De pronto Eva abrió los ojos y se levantó de golpe, solo habia sido un sueño, o mas bien, una pesadilla, pero por suerte estaba de vuelta en su tienda de campaña, dentro de aquel campamento de gente que habia sido condenada  por causas cuestionables, como era el caso de Eva, por robar una manzana para comer, aunque lo habia repetido varias veces. Pero el simple hecho de recordar los latigazos la hacia temblar, necesitaba hablar con Solo, después de todo nunca juzgaba a nadie y siempre ayudaba a todo el mundo, era como la encarnación de Dios, pero esta vez, mas humano, menos divino, tenia necesidades como todo el mundo y actuaba como un mesias que se llevaba por sus instintos.

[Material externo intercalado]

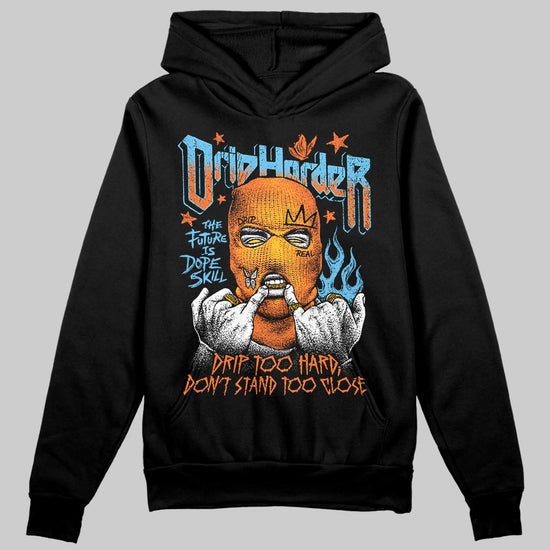Orange, Black and White Sneakers DopeSkill Hoodie Sweatshirt Drip Harder Graphic Streetwear - Black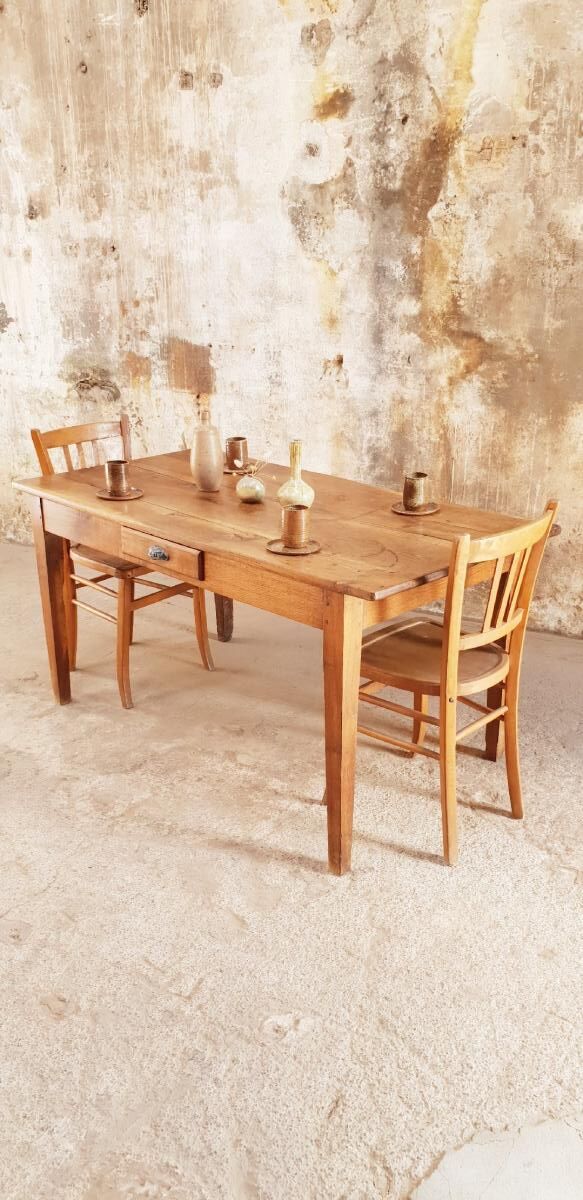 Vintage farm table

Eva recordó las noches en las que soño con Solo, estaban los dos a la orilla del rio, en silencio, disfrutando del sonido del agua chocar con las piedras, y sin previo aviso, Solo se abalanzaba sobre ella y la complacia con sus manos. Sueños impuros, sueños pecaminosos que merecían un severo castigo, quiza Solo podría aconsejarla en aquel mar de dudas que tenía en su mente. Luego de ponerse un vestido color carmesi, Eva se recogió su cabello castaño en una coleta y se preparo mentalmente para todo lo que le pudiera decir Solo, y sintiendose preparada, salio de su tienda, dandose de bruces con la luz solar, la cual la dejo quieta umos segundos hasta que se acostumbro al cambio.

-¡Buenos días Eva!- escucho la joven detras suya.

Al girarse se percató de quien se trataba, era Beltrán, un monje que habia huido del monasterio de su reino por problemas con los demás monjes.